Лапиков, передернувшись, убрал ее руку.
— Не надо, мне неприятно!
Увидев, как подействовали на партнершу его слова и резкий тон, тут же сдал назад:
— Прости! Правда, не люблю я этого…
— А как любишь? — спросила Марина Ивановна. — Скажи, я сделаю! Как ты хочешь?
— Никак не хочу, — заявил Лапиков. — И вообще, мне пора…
Однако партнерша не собиралась его отпускать так легко.
— Как она тебе делала, покажи? — спросила. — Так? Или так?
Лапиков больше не мог сдержаться.
— Кто?! — почти закричал он.
— Настя твоя! — объяснила Марина Ивановна. Она больше не улыбалась. — Или эта малолетняя проститутка из ее класса! Или ты уже вообще всю школу перетрахал, извращенец?
Лапиков вскочил, все так же старательно заворачиваясь в простыню. Он больше не мог выносить ее прикосновений, даже видеть ее не мог!
— Что ты несешь? — вскричал он. — У меня ни с кем ничего не было! Что тебе еще надо от меня? Ты сказала — «еще один раз». Вот у тебя был этот один раз!
Но у Марины Ивановны был свой счет.
— Ты даже не поцеловал меня ни разу, маленький мерзавец! — кричала она.
— Скажи спасибо, что не блеванул прямо в постели! — ответил Лапиков. — Отстань теперь от меня, старая ведьма! Отстань!
Марина Ивановна усмехнулась. Спокойно встала, отбросив полотенце, пошла к креслу, где лежала ее одежда, стала одеваться. Деловито сообщила любовнику:
— Спасибо, Игнат Антонович, вы выполнили обещанное. Я тоже сдержу обещание и о том, что вы снимаете порнографию в своем школьном кабинете с участием несовершеннолетних учениц, никогда и никому не расскажу.

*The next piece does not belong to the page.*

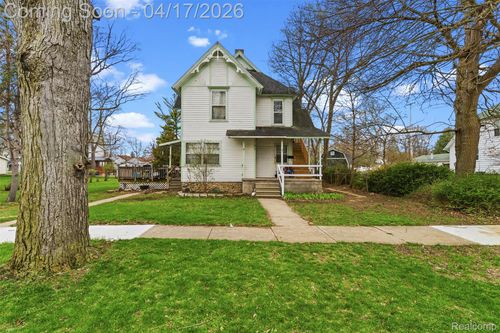 415 W State St, Corunna, MI, 48817-1376 | Card Image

Лапиков, с ужасом слушавший ее речь, при последних словах расслабился.
— Хорошо, — произнес он. — Значит, мы в расчете? Марина… прости, я сорвался… я…
Учительница биологии не дала ему закончить его лепет.
— Я уничтожу вас по-другому, — пообещала она.
И вышла из номера.
Глава 10
В школьной каморке, которую так плохо забил вахтер Филиппыч, проходили следственные действия. Эксперт, вызванный майором Липатовой, установил свет и осматривал найденную Крюковым кучку пепла. А тем временем Липатова и Крюков стояли в раздевалке и выясняли отношения.